O deslize fez com que Rawvana sofresse considerações e assistisse novas marcas indo apesar de que de tuas redes sociais. Não à toa, o modelo da “vegana” foi citado em duas agências/produtoras especializadas no desenvolvimento e construção de influenciadores digitais. Sim, existe um mercado para gestor, agenciador, professor ou coach de instagrammers, youtubers e outros.

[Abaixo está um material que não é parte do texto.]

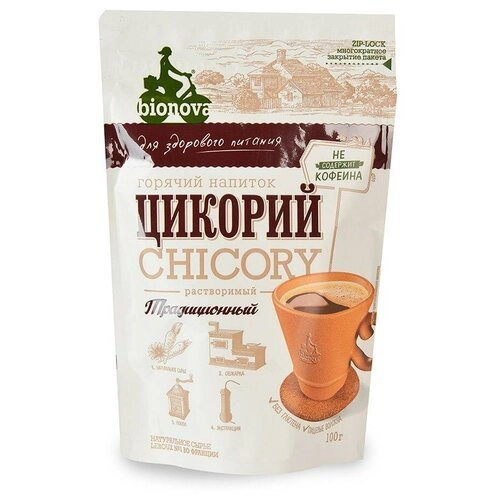 Цикорий Бионова растворимый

Trata-se de profissionais que exercem o possível para as micro ou macro celebridades da internet não caírem pela tentação do peixe proibido. A potência das plataformas digitais, como YouTube, Instagram, Twitter e Facebook, montou oportunidades e uma nova profissão. Com o sonho de se transformar em novos Whindersson Nunes, Felipe Neto ou Kéfera, marinheiros de primeira post (e até usuários mais experimentados) investem um bom dinheiro em direcionamento de carreira. 2,5 1 mil (encontros individuais).
O propósito da maioria dos alunos é ampliar seguidores, fortalecer a influência junto ao público e fechar contratos. Cem mil por postagem (foto no Instagram). Trinta (imagem ou pacote de imagens por um mês, por exemplo). Quem está no começo acaba aceitando permutas: desconto em academia, peça de roupa ou até itens mais simbólicos, como caixas de bombom.
- 3 claro passos pra revender infoprodutos
- dois #2 Fazer exercício nas noites
- quatrorze – KiiP
- Ajuda e Suporte (A não ser que não se sinta seguro quanto à isto)
- Efeito Platô: O Que Fazer Quando Seu Peso Estaciona
- Com delineador preto, faça um delineado bem fininho a respeito do marrom
- Dicas Para Fazer Corrida
Mega Space, Daiane Trevisan. O Estado acompanhou novas horas da consultoria de dois influencers: Marcelle Barkauskas (@cellebarkauskas – mais um menos 40 1 mil seguidores) e Rafael Xum (@rafaelxum – cerca de quinze 1 mil seguidores). Marcelle, que investe no Instagram e no YouTube, tem perfil regressado pro universo fitness, moda e maquiagem.
Já Xum é mais ligado a humor e entretenimento. Em comum, o caso de serem consumidores de agências para influencers. Marcelle. “Para mim é natural, não parece trabalho. É um palpável BBB (Big Brother Brasil). Tenho tesão de falar sobre este tema minha rotina”, completa. Há 2 anos, Marcelle vive do que ganha como influencer. Antes, trabalhava pela loja de pijamas da família.